A writer and a tropical muse. A funky Lubavitcher who enjoys watching the weather, hurricanes, listening to music while enjoying life with a sense of humor and trying to make sense of it all!

Tuesday, August 14, 2012

Tropically Inspirational...

On a slow storm day, without any real named storm on the map in August I find great inspiration in great photography that illustrates better than any words can describe the beauty, the majesty and the wonder that is life in the tropics.

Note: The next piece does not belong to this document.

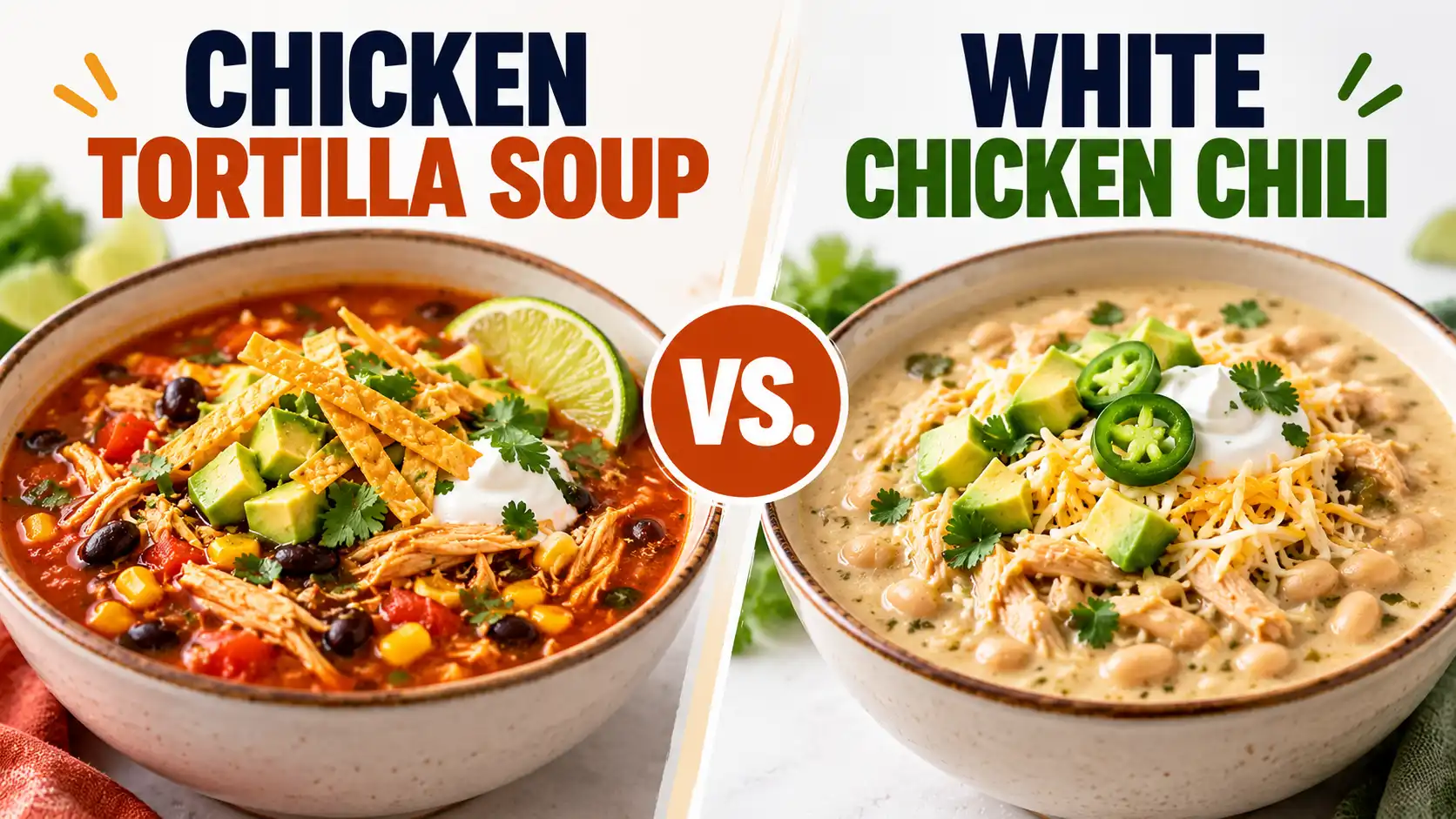 Chicken Tortilla Soup vs. White Chicken Chili: Which is the Better Cold-Weather Comfort Food?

I grew up not far from where this picture was taken, every day is different...similar but different. In most parts of the country up north the leaves change, they turn colors... they fall off and everything is brown or white covered in snow. In Miami, the leaves stay the same and only the colors of the flowers punctuate our lush, green, tropical lawns yet the sky.... that's a different story. Sunrise and sunset bring colors not seen in most parts of the country. A thunderstorm covering the sky moving in over the Bay changes everything in less than fifteen minutes. I've sat not far from where this picture was taken on a sunny, warm, summer day and watched in utter amazement as a storm blew in from the West.... covered the sky and the Australian Pines and Coconut Palms turned the darkest green against a purple, black sky ...the color of the water turning a foamy sea green and then in fifteen minutes it was gone again as if nothing had ever happened.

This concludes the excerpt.